The Bank of Canada lowered the five-year fixed rate to 5.19 per cent from 5.34 per cent in the first downward move since September 2016.
The “stress test rate” or “mortgage qualifying rate” is used by federally regulated lenders to gauge theoretical mortgage payments. Applicants must then prove they can shoulder the payments without exceeding the lender’s standard debt-ratio.
The Bank of Canada's five-year benchmark rate is calculated using the posted rates at the big six banks.
RateSpy describes the move as an “incremental psychological boost for buyers that adds a modicum more support for home prices.”
Assuming no other debt and a 25-year amortization period, a borrower buying a home with five per cent down making $50,000 a year can afford $2,800 (1.3 per cent) more home. Someone making $100,000 a year can afford $5,900 (1.3 per cent) more property.
Assuming no other debt and a 30-year amortization period, a borrower buying a home with 20 per cent down making $50,000 a year can afford $4,000 (1.4 per cent) more home. Someone making $100,000 a year can afford $8,300 (1.4 per cent) more home.

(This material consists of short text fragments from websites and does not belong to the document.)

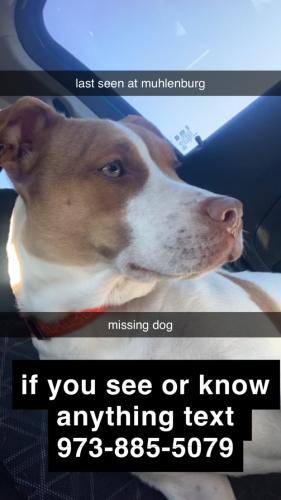 Lost Female Dog last seen Liberty Street at around 9:30 pm est was when she was last seen, Allentown, PA 18102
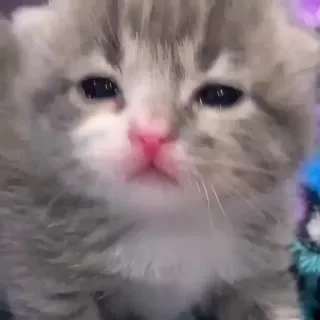 🌟 fb0f6818 小猫, 猫, 可爱, 动物, 宠物 telegram sticker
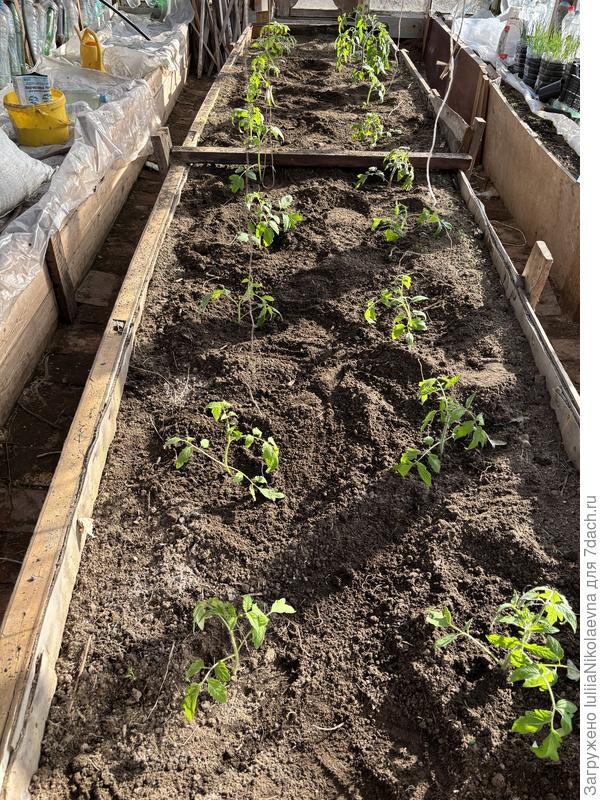 Посадила 16 апреля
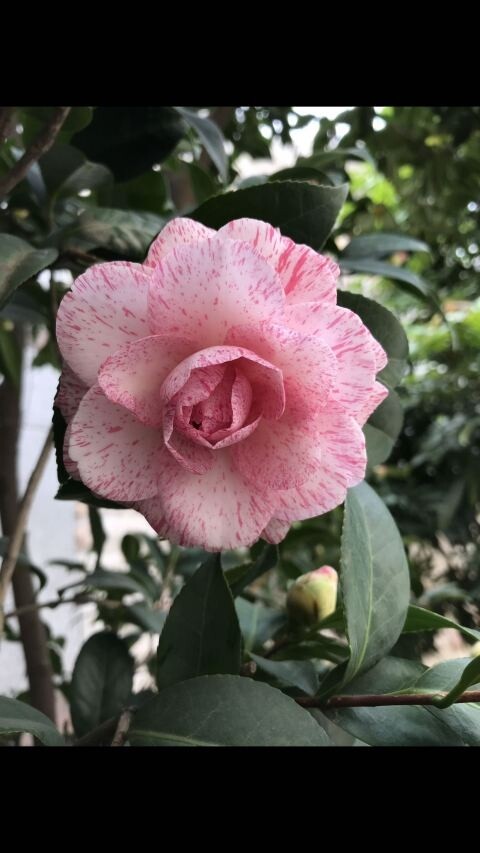 干贝利 名贵稀有福建龙岩精品茶花室内外阳台高档花卉绿植盆栽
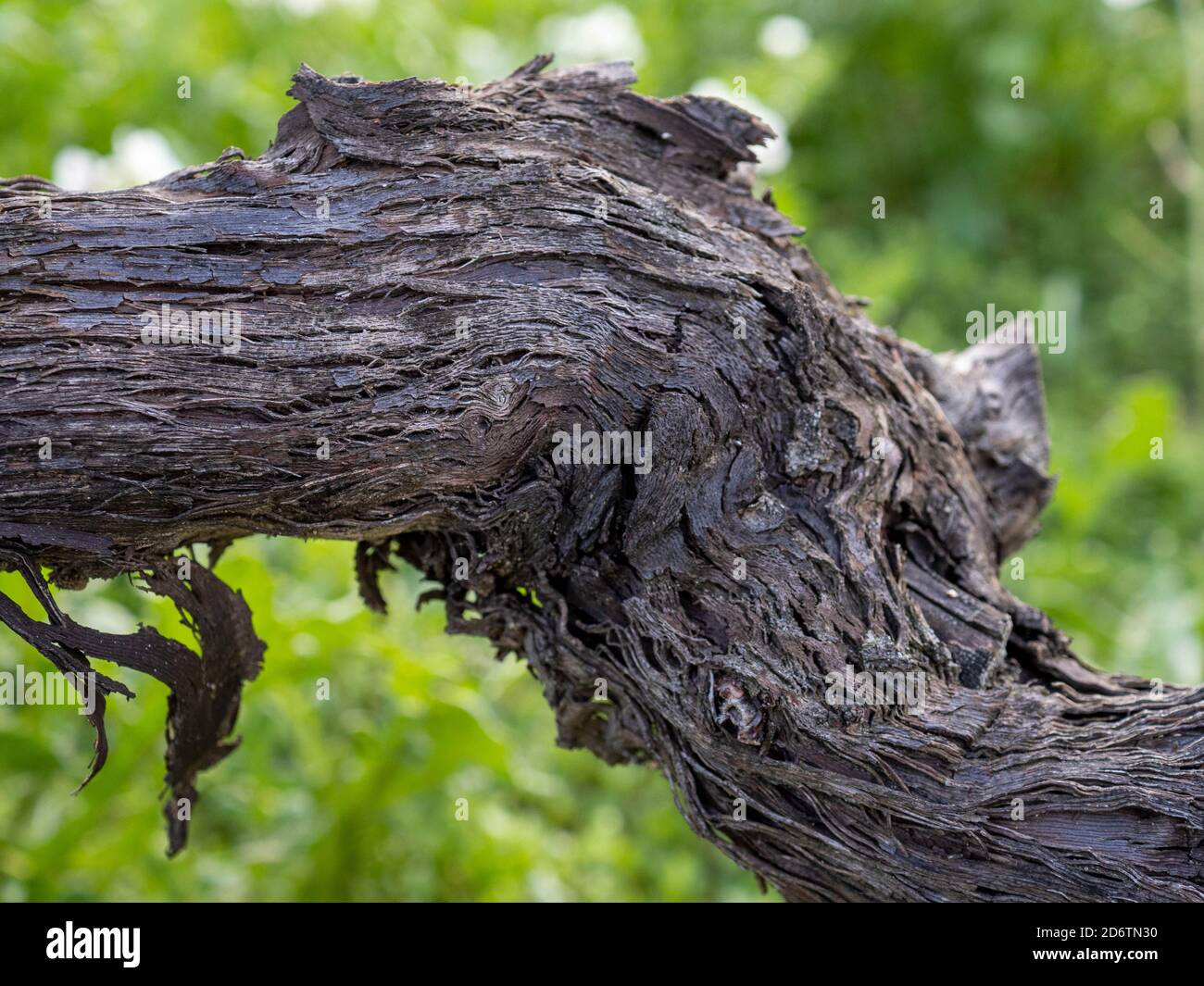 Vue en gros plan du tronc de la vigne. Détails de la peau Old Strain. Rainures du tronc de la vigne. Photographie macro Banque D'Images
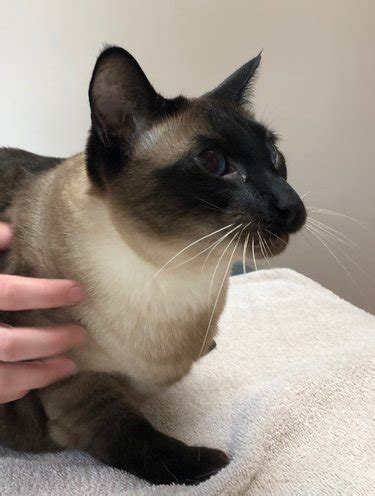Search for rescue cats for adoption. Three beloved Siamese cats need a new home | The Altamont ...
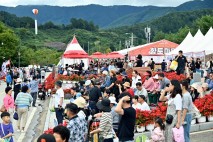 제19회 한우랑사과랑축제 '대박났다'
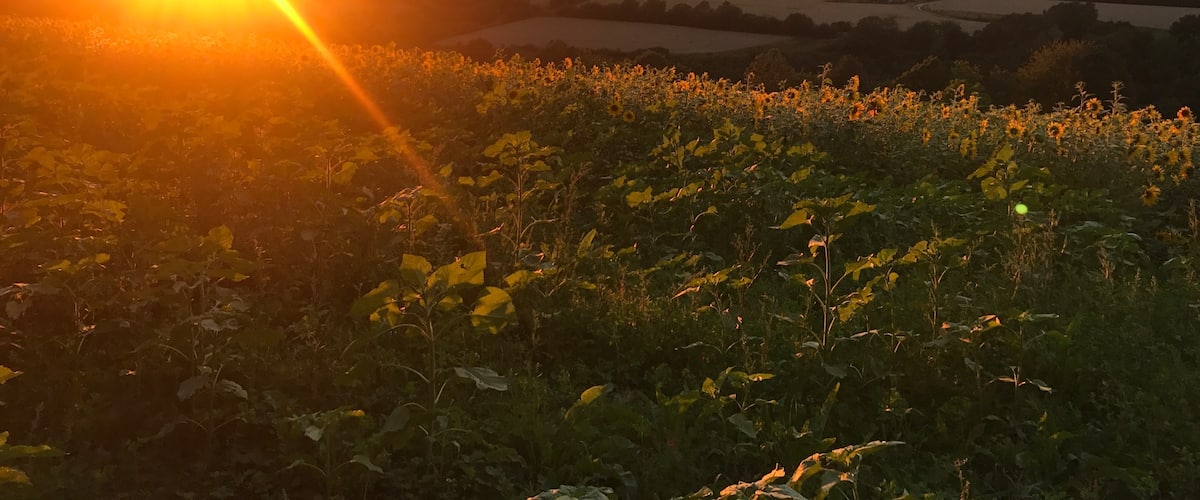 Lost in sunflowersđ»đ»đ»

Mortgage brokers and lenders have complained that the federal government’s tighter lending rules brought in January 2018 to guard against unqualified buyers entering the housing market have had an adverse impact on their business.
A report released earlier this month by the Canada Mortgage and Housing Corporation (CMHC) found mortgage growth slowed to the weakest rate in more than 25 years in 2018. The decline in insured mortgage originations has been a win for alternative lenders.
The CMHC report notes uninsured mortgage loan originations with values of $500,000 or more accounted for 35 per cent of the 2018 total, up from 29 per cent in 2016.
RateSpy expects the decrease in the five-year fixed rate will “counter in some small part” the slow lending tend.